It wasn’t necessary to serve in World War II to know such fellowship. Well into the ’60s, many Americans grew up in towns that had no private schools or gated communities. They lived among, went to school with, worked next to and got to know all kinds of people. Starting in the ’70s, though, America started to undergo a demographic transformation that has since been dubbed “the Big Sort.” More and more Americans started seeking out people who shared their cultural and political inclinations, moving to regions that over time became populated with like-minded citizens.

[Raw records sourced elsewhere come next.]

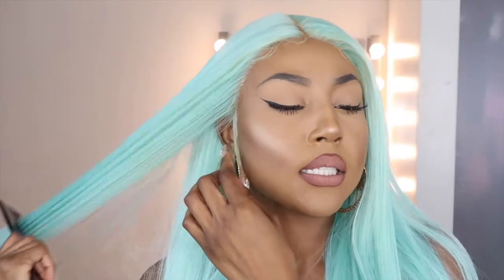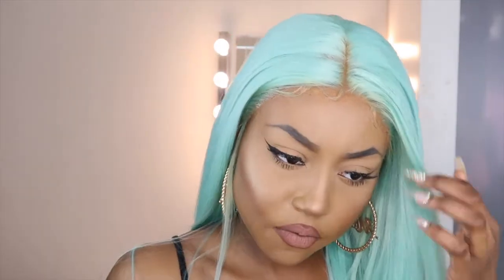Look at my makeup — so pretty! But yeah, now you can see the hairline properly. This is so natural-looking. The only thing I would say is that if you want to wear it back in a ponytail or anything like that, you will need to pluck the hairline a bit, especially since I added the baby hairs.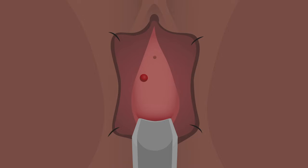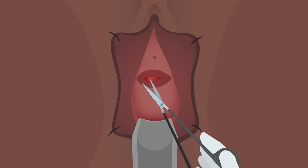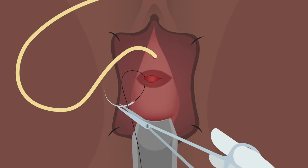Sharply circumscribe the fistula with an 11 blade, scoring the vaginal epithelium and create lateral flaps on each side. Make sure to look for the ureters before excising the fistula using the scalpel or scissors.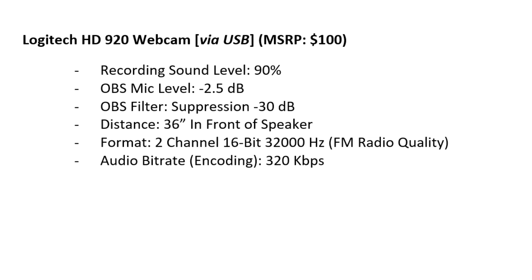Distance 36 inches in front of the speaker. Format: 2-channel, 16-bit, 32,000 Hz — FM radio quality — the maximum available on this webcam. Audio bitrate 320 kb.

In the words of Bill Bishop and Robert G. Cushing, who identified and named the Big Sort in their 2008 book titled after the phenomenon, they chose to live in “communities of sameness…whose inhabitants find other Americans to be culturally incomprehensible.” The result is postmodern America, a walled-off land in which you need not spend time with, much less befriend anyone, who disagrees with you about anything of importance—and in which you thus become more likely to demonize the strangers with whom you do disagree.
The fact that we now live in such a country has, I suspect, something to do with the steadily growing popularity of “The Best Years of Our Lives.” Whether we realize it or not, Wyler’s poignant portrait of a nation recovering from war reminds all who watch it that America used to be a far friendlier place—and makes you wonder what will become of a land whose angry, distrustful citizens are increasingly choosing to live solely among their own kind.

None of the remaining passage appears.